Managing AI Risks: Going Beyond the Usual

The memo acknowledges that AI brings unique risks, requiring steps beyond typical IT procurement.

  • Knowing What You're Buying: It seems obvious, but agencies need to be clear if they're even buying AI!

    • The memo provides guidance on what constitutes an "AI system" versus common commercial products where AI is just a small part.

    • Officials should list key AI features in solicitations, ask vendors to identify any AI used in their proposed solutions, and train staff to understand these aspects.

    • SAOPs and privacy programs MUST be involved EARLY in the process, ensuring privacy is baked in, not an afterthought.

  • Rights and Safety First: For AI that could impact people's rights or safety, the bar is higher.

    • By November 1, 2024, agencies must identify ALL existing contracts where AI use falls under this category.

    • By December 1, 2024, these contracts MUST be compliant with OMB M-24-10, including additional requirements outlined in Sections 4(d), 4(e), and 4(f)(ii) of M-24-18.

    • From December 1, 2024 onward, this compliance is mandatory for ALL new contracts in this category.

Performance and Risk: Baking It In From the Start

The memo pushes for a more hands-on approach to ensure AI works as intended and risks are controlled.

  • Performance-Based Acquisition: Forget just buying a box, agencies need to buy OUTCOMES.

    • Requirements should focus on the desired results, allowing agencies to evaluate whether AI can actually deliver, not just what vendors claim it can do.

    • This ties into ongoing monitoring and performance measurement throughout the contract's life.

  • Privacy and Security: No surprises here, but the memo lays out specific steps.

    • Contracts must include requirements for cybersecurity approvals and data protection that meet existing government-wide standards.

    • Before signing on the dotted line, agencies need detailed documentation on how the AI was trained and how data will be managed. This includes data sources, labeling, access controls, and disclosure of any copyrighted material used in training.

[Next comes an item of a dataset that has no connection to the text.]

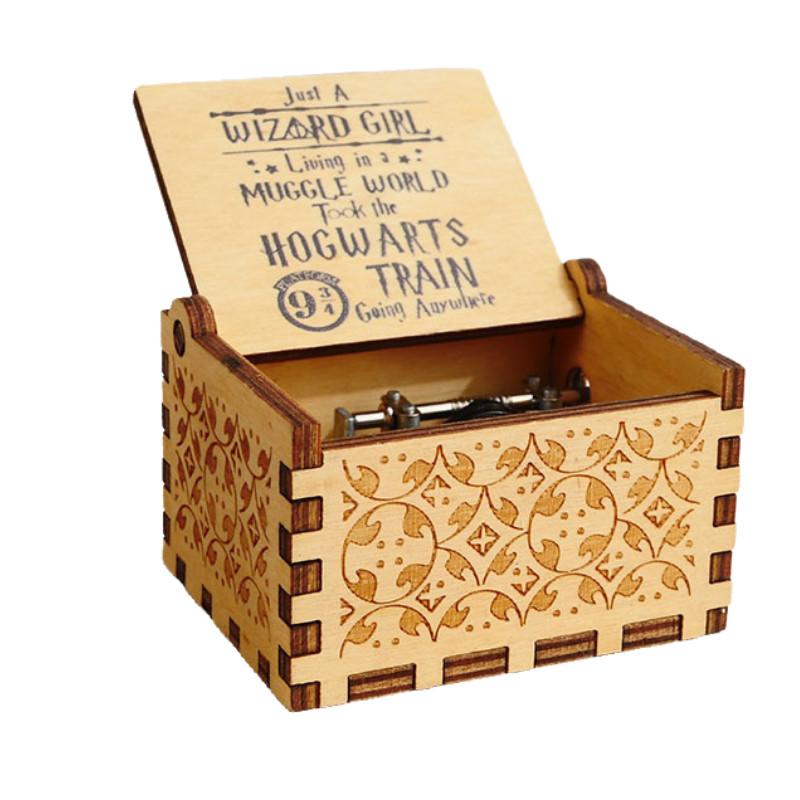 Vintage Harry Potter Hand-crank Music Box Exquisite Wooden Miniature Gift For Couples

    • This due diligence extends to the vendor's data supply chain, not just their internal practices.

  • Avoiding Vendor Lock-In: Agencies should prioritize interoperability and data portability, ensuring they're not stuck with one vendor forever.

    • Contracts must clearly state what rights the government has over its OWN data, even after it's been used to train an AI model.

    • Agencies should push for open-source development practices where feasible, avoiding proprietary black boxes.

Specific Requirements for Rights and Safety

When AI could impact fundamental rights or public safety, the memo gets even more granular in its instructions.

  • Transparency is Paramount: Agencies must be upfront about using AI in these sensitive areas.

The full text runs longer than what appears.